Three years earlier, Biles withdrew from nearly all of her events at the Tokyo Games after becoming disoriented in the air, a moment that prompted her to consider quitting the sport. This week, she finished the Paris Games with three gold medals and one silver. (Earlier in the day, she finished fifth on the balance beam after losing points because of a fall.)
Her imperfect final performances did little to dull her lustre at these Games. On each day she competed, celebrities dotted the stands, making gymnastics – already a marquee sport of the Olympics – seem like the hippest club in Paris. There were Lady Gaga, Tom Cruise and Ariana Grande, and sports legends including Serena Williams, Michael Phelps and Stephen Curry. After a day at the water polo venue, Flavor Flav, the rapper, said how much he admired Biles and wanted “to meet her, shake her hand and give her a hug and tell her how proud I am of her”.
“Not too many Black athletes right now is doing what she’s done,” he said.
Billie Jean King, the tennis champion and longtime proponent of women’s equality in sports, said she “wouldn’t miss Biles’ performance for anything”.
Monday’s floor competition would be perhaps the final Olympic performance for Biles, who is known to her mother as Little Turtle, for reasons that take some explaining.
Growing confidence
Biles arrived at the athletes’ village at the Paris Games with her confidence growing by the day. Still, in the back of her mind was the possibility that she would have flashbacks from Tokyo and that her troubles from those Games would return. So in Paris, she placed reminders of her gymnastics genius and legacy everywhere.

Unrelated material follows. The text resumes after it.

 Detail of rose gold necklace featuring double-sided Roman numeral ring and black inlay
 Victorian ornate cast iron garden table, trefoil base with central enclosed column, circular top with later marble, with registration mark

On her twin bed was a brown stuffed goat to commemorate her as the greatest of all time, or GOAT, of gymnastics. On the wall above her bed was a cutout picture of a goat’s head.
And tucked away in a grey velvet box was a necklace with a goat-shaped charm encrusted in 546 diamonds. She had ordered it around the time she won the US Olympic trials and would put it around her neck at the Olympics when she thought the time was right.
Her mother, Nellie Biles, said she got a kick out of Simone’s being “the GOAT” because she has long viewed her in a more modest way: as her “little turtle”. That was the nickname she gave Simone when she was a young gymnast, a reminder that Simone should go at her own pace and be herself.
“Don’t worry that you are moving slowly,” Nellie recalled telling her. “Just be sure of what direction you are going in.”
It became a ritual for Nellie to give Simone a tiny porcelain turtle before meets. Those tiny turtles multiplied into turtles of all kinds when friends and family learned about the tradition. Simone said some of the turtles had sayings on them, like “Go at your own pace” or “One step at a time”. Now the family has jars and jars filled with the small ones, Nellie said.
The idea of being a confident “little turtle” was the foundation for Simone Biles changing the sport.
Instead of enlisting in the army of gymnasts who complied with whatever their coaches told them to do – which was the culture in the sport for generations – Biles refused to dim her personality and did whatever made her happy, at whatever pace she wanted.
Eventually, Márta Károlyi, then the national team coordinator, had to let Biles be Biles. That included breaking the long-standing rule that gymnasts had to be silent and obedient at national team camps, even though it meant that Biles’ giggle made other gymnasts giggle too.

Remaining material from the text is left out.